→ **Problem to work on**
All of the data below must be reproduced word for word, but without its images.

Source data
┄┄┄┄┄┄┄┄┄┄
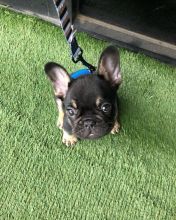 French Bulldog Puppies Ready For Their New Home Image eClassifieds4U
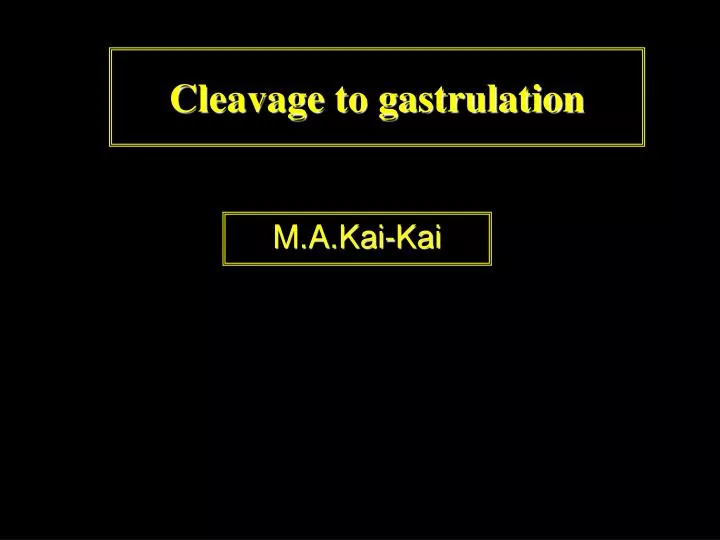 cleavage to gastrulation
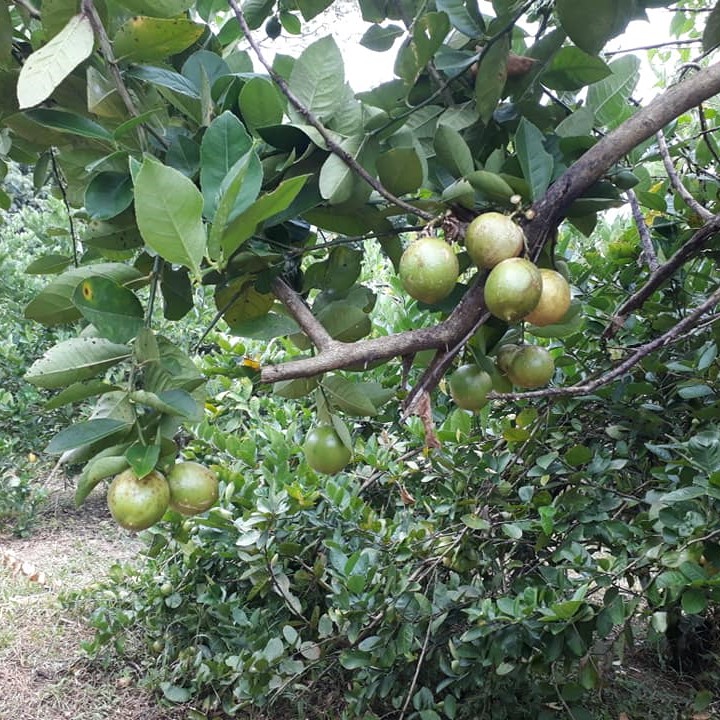 Limau Nipis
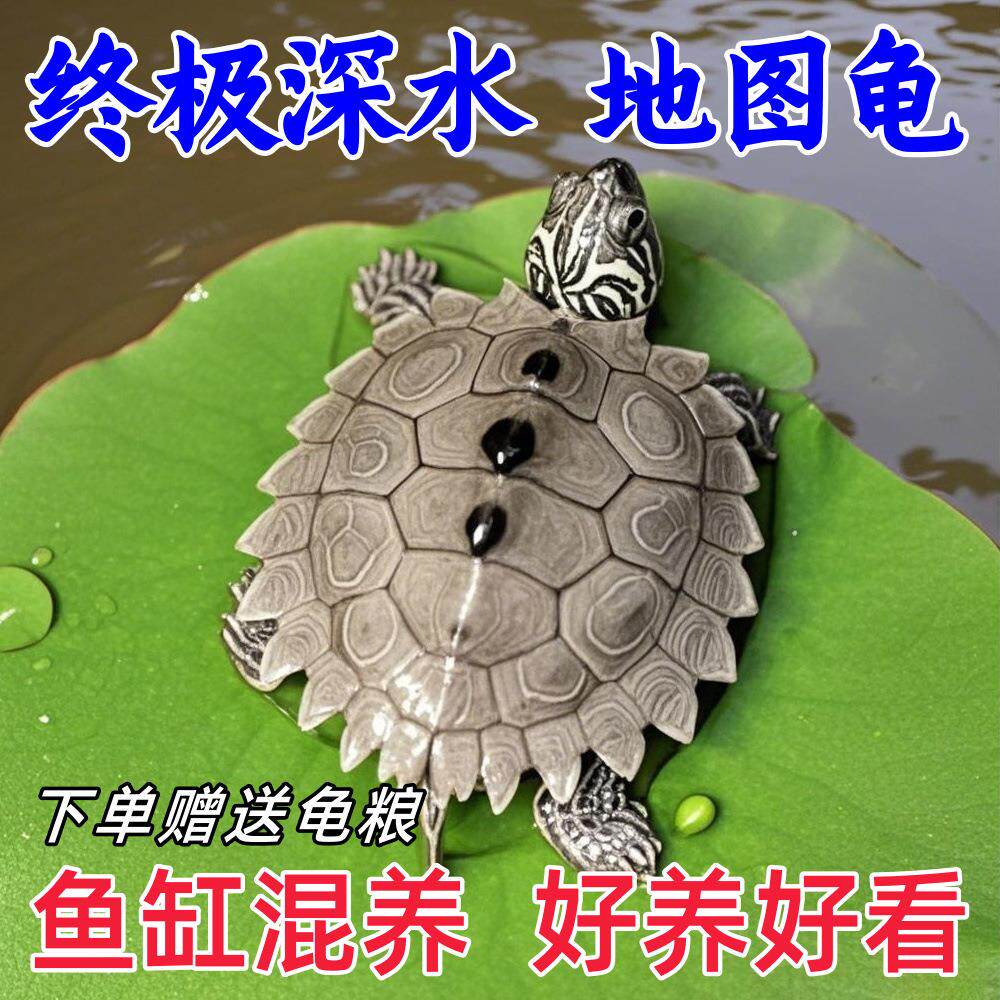深水地图乌龟鱼缸混养小乌龟活物密西西比地图天使眼黑瘤观赏宠物图片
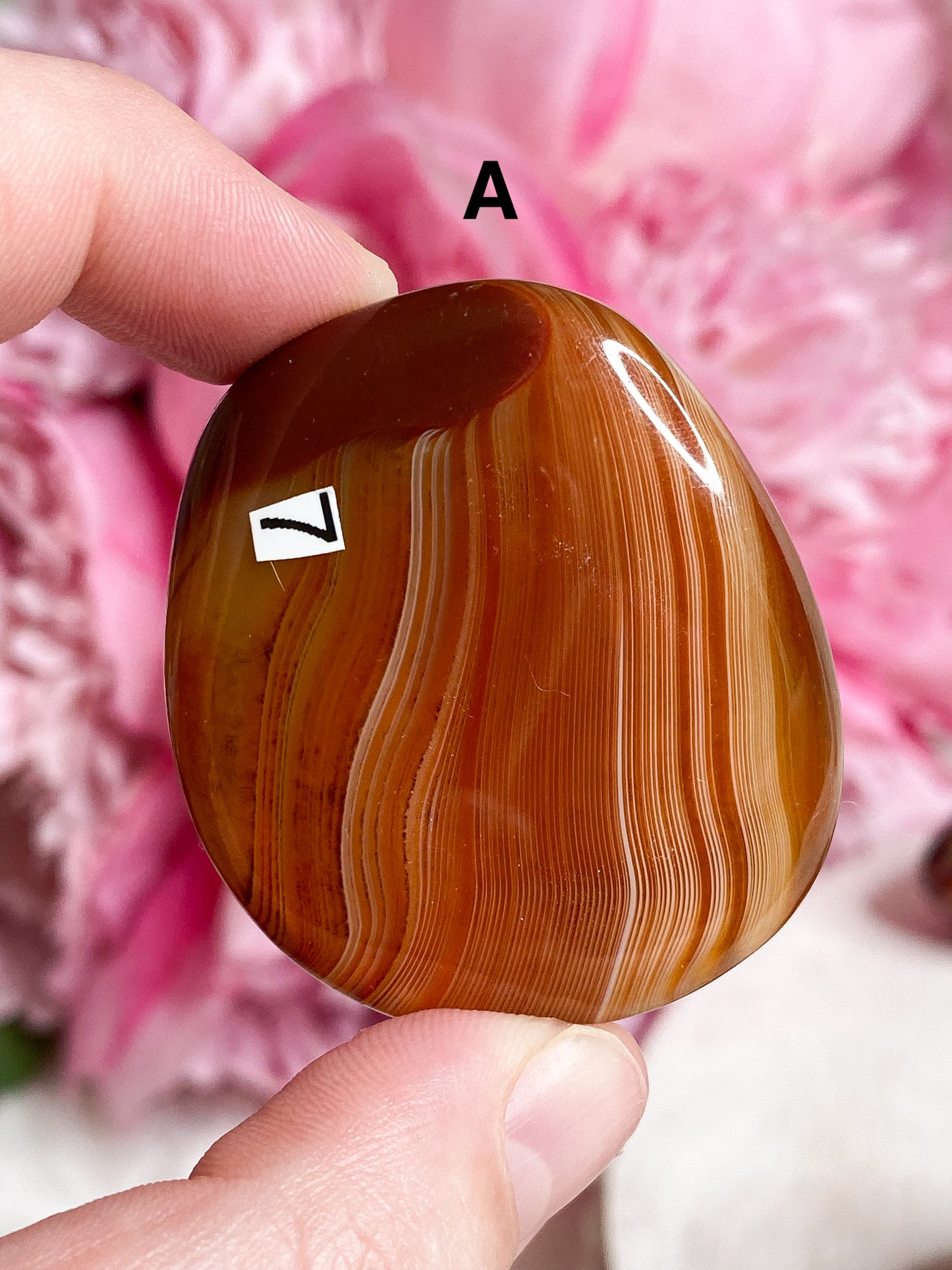 Sardonyx Palm Stone - You Choose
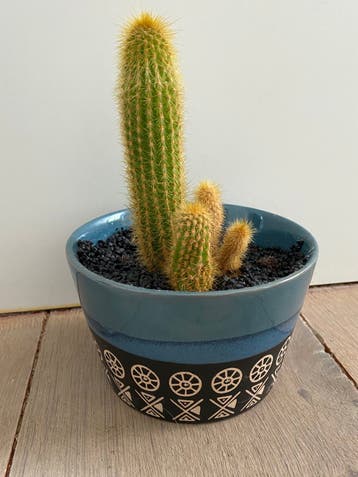 plant of kamerplant cactus inclusief sierpot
┄┄┄┄┄┄┄┄┄┄
→ **The completed task**
 French Bulldog Puppies Ready For Their New Home Image eClassifieds4U
 cleavage to gastrulation
 Limau Nipis
深水地图乌龟鱼缸混养小乌龟活物密西西比地图天使眼黑瘤观赏宠物图片
 Sardonyx Palm Stone - You Choose
 plant of kamerplant cactus inclusief sierpot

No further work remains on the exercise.